The Global Fund suspended grants -- or put in place new safeguards -- in Djibouti, Mali, Mauritania and Zambia. The European Commission and some nations had decided to withhold hundreds of millions of euros from the fund until they could be reassured.
In January, the AP reported that the fund was bleeding tens of millions of dollars to mismanagement and corruption, prompting Germany, the European Commission and Denmark to withhold a collective $457 million (euro315 million) in funding. Spain, Italy, Japan and Ireland also delayed committing to 2011 pledges.
Sweden had previously withheld a pledge based on the inspector general's findings.
The fund warned Germany that its withheld dollars would lead to the deaths of 43,000 people but Germany called that "extremely questionable" and said it's corruption that kills.
The fund then created an outside panel headed by former U.S. Health and Human Services Secretary Michael Leavitt and former Botswana President Festus Mogae.
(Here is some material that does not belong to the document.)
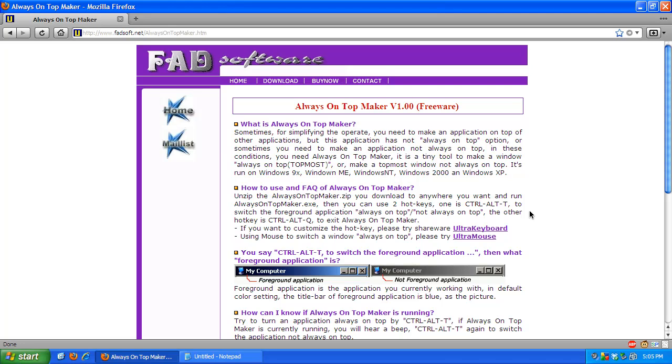Hello YouTube and welcome to this video. Today I'll be showing you an application called Always On Top Maker. Always On Top Maker has many uses but I'll just show you one really quickly.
In September it recommended a major overhaul in the fund's financial practices.
Since the panel's report, Germany released half of its $285.7 million pledge.
It also said the unhealthy tensions must end between the fund's executive director, Dr. Michel Kazatchkine, who has sought to minimize the scale of misspent money, and the fund's inspector general, John Parsons, whose job is to probe for losses.
"If it's seen as a war, we have to stop that," Bland said.
Japan paid the Global Fund $114 million Monday toward its 2011 contribution but is keeping frozen a second amount -- some $178 million -- that it might release in December, fund spokesman Andrew Hurst said.
He said the European Commission is still awaiting the outcome of a board meeting later this month in Ghana before deciding whether to unfreeze its 2011 pledge of $185.7 million (130 million euros).
Hurst said Denmark's decision whether it might release its $33.5 million pledge for 2011 also might come next month.